NEF files are NIkon.  Go to the adobe site and update as it sounds as if your camera may not be supported in version 5.0


----------



## KmH (Oct 30, 2010)

The easy way to update your CS4 is to open it and in the CS workspace click on Help > Update and it will do it automatically. I believe the highest release level is 5.6.

If your camera was launched recently , you may need 6.x which is only available with CS5.

So, what camera are you using.


----------



## VaE39 (Nov 1, 2010)

I'm using a D80. I just updated and it still isn't showing the NEF files in bridge. 

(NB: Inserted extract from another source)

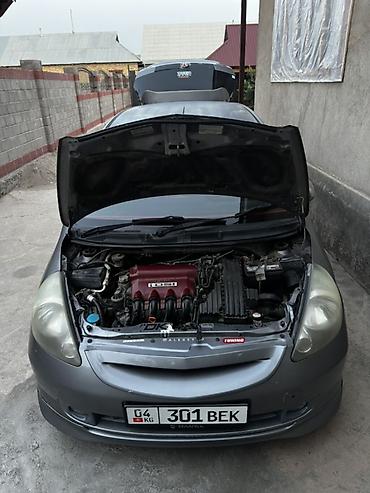 двигител фит: Honda Fit: 2003 г., 1.5 л, Вариатор, Бензин, Хэтчбэк — 8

Also, I noticed that when I zoom into raw files on photoshop, the pictures look a little more grainy as compared to when I shoot with JPEG. Any one know why?


----------



## GooniesNeverSayDie11 (Nov 1, 2010)

Jpeg probably has noise reduction added in camera ( I assume you mean noise and not grain ) This is an easy thing to add in ACR before opening in photoshop.


----------



## VaE39 (Nov 2, 2010)

Sorry yes Noise is what I meant. Care to elaborate how to do that? Sorry I'm a photoshop noob right now


----------



## KmH (Nov 2, 2010)

In Bridge, right click on the image. In the drop down box select - Open in Camera Raw (ACR). You will find the Noise Reduction sliders in the 3rd panel.

Or under the Edit tab in Bridge click on Preferences and set them so a double click opens an image in Camera RAW.


----------



## VaE39 (Nov 2, 2010)

So I've updated my ACR for adobe, and I opened up Photoshop itself and updated everything else needed. I still can only view the NEF and DNG images on Photoshop but not on Bridge. Bridge only shows the icon of the DNG file but not the actual picture. 

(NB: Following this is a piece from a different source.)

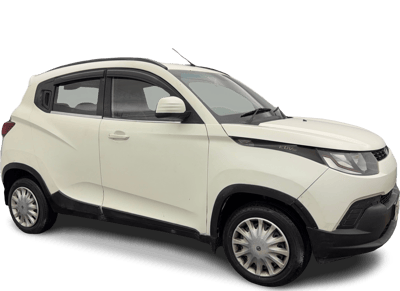 2016 Mahindra Kuv100 - SUV - Diesel - Manual - ₹2.13 lakh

Just to clarify I'm a mac user and I have a Nikon D80.

Any more ideas?


----------



## Infidel (Nov 2, 2010)

VaE39 said:


> So I've updated my ACR for adobe, and I opened up Photoshop itself and updated everything else needed. I still can only view the NEF and DNG images on Photoshop but not on Bridge. Bridge only shows the icon of the DNG file but not the actual picture.
> 
> Just to clarify I'm a mac user and I have a Nikon D80.
> 
> Any more ideas?




Sounds like this guy had a similar problem: Adobe Forums: I can't see NEF files in Adobe Bridge


----------



## sovietdoc (Nov 2, 2010)

your camera raw doesnt support your camera.  you need an updated camera raw


----------



## Infidel (Nov 2, 2010)

sovietdoc said:


> your camera raw doesnt support your camera.  you need an updated camera raw



If that were the case, then he wouldn't be able to open the files at all. If he's up to date (he claims to be...look up), then his camera is supported: Camera Raw plug-in | Supported cameras


----------